*What needs to be done*. I'd like an exact copy of every line from the start of the entries below through the line containing "Bavarian Lodge Suites", please.

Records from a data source
━━━━━━━━━━━━━━━━━━━━
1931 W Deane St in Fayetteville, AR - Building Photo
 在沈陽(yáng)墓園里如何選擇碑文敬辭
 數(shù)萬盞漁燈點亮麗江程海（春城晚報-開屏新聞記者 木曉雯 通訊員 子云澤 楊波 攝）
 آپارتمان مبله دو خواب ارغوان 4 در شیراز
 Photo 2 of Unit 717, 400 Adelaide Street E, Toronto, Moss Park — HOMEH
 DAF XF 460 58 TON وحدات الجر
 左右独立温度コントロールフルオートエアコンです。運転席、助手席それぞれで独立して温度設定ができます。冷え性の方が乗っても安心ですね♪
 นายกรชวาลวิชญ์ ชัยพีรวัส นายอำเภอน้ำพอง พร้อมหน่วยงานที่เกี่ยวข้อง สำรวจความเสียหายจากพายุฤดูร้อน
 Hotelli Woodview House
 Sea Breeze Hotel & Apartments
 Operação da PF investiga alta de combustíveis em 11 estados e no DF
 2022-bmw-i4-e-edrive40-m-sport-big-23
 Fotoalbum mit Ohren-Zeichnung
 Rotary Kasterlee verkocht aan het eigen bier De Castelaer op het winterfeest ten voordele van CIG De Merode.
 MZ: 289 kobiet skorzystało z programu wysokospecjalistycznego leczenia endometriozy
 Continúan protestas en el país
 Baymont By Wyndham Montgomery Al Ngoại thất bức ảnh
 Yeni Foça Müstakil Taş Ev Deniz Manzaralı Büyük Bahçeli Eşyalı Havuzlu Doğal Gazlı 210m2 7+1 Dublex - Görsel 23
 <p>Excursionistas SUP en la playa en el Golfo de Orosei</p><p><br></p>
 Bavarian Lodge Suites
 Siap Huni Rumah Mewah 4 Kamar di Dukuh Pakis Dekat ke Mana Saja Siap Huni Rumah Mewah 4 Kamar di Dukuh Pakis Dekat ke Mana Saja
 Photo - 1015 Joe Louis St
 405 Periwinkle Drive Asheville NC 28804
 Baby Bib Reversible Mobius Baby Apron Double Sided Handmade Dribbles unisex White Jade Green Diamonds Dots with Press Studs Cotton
━━━━━━━━━━━━━━━━━━━━
*Reply to the exercise*.
1931 W Deane St in Fayetteville, AR - Building Photo
 在沈陽(yáng)墓園里如何選擇碑文敬辭
 數(shù)萬盞漁燈點亮麗江程海（春城晚報-開屏新聞記者 木曉雯 通訊員 子云澤 楊波 攝）
 آپارتمان مبله دو خواب ارغوان 4 در شیراز
 Photo 2 of Unit 717, 400 Adelaide Street E, Toronto, Moss Park — HOMEH
 DAF XF 460 58 TON وحدات الجر
 左右独立温度コントロールフルオートエアコンです。運転席、助手席それぞれで独立して温度設定ができます。冷え性の方が乗っても安心ですね♪
 นายกรชวาลวิชญ์ ชัยพีรวัส นายอำเภอน้ำพอง พร้อมหน่วยงานที่เกี่ยวข้อง สำรวจความเสียหายจากพายุฤดูร้อน
 Hotelli Woodview House
 Sea Breeze Hotel & Apartments
 Operação da PF investiga alta de combustíveis em 11 estados e no DF
 2022-bmw-i4-e-edrive40-m-sport-big-23
 Fotoalbum mit Ohren-Zeichnung
 Rotary Kasterlee verkocht aan het eigen bier De Castelaer op het winterfeest ten voordele van CIG De Merode.
 MZ: 289 kobiet skorzystało z programu wysokospecjalistycznego leczenia endometriozy
 Continúan protestas en el país
 Baymont By Wyndham Montgomery Al Ngoại thất bức ảnh
 Yeni Foça Müstakil Taş Ev Deniz Manzaralı Büyük Bahçeli Eşyalı Havuzlu Doğal Gazlı 210m2 7+1 Dublex - Görsel 23
 <p>Excursionistas SUP en la playa en el Golfo de Orosei</p><p><br></p>
 Bavarian Lodge Suites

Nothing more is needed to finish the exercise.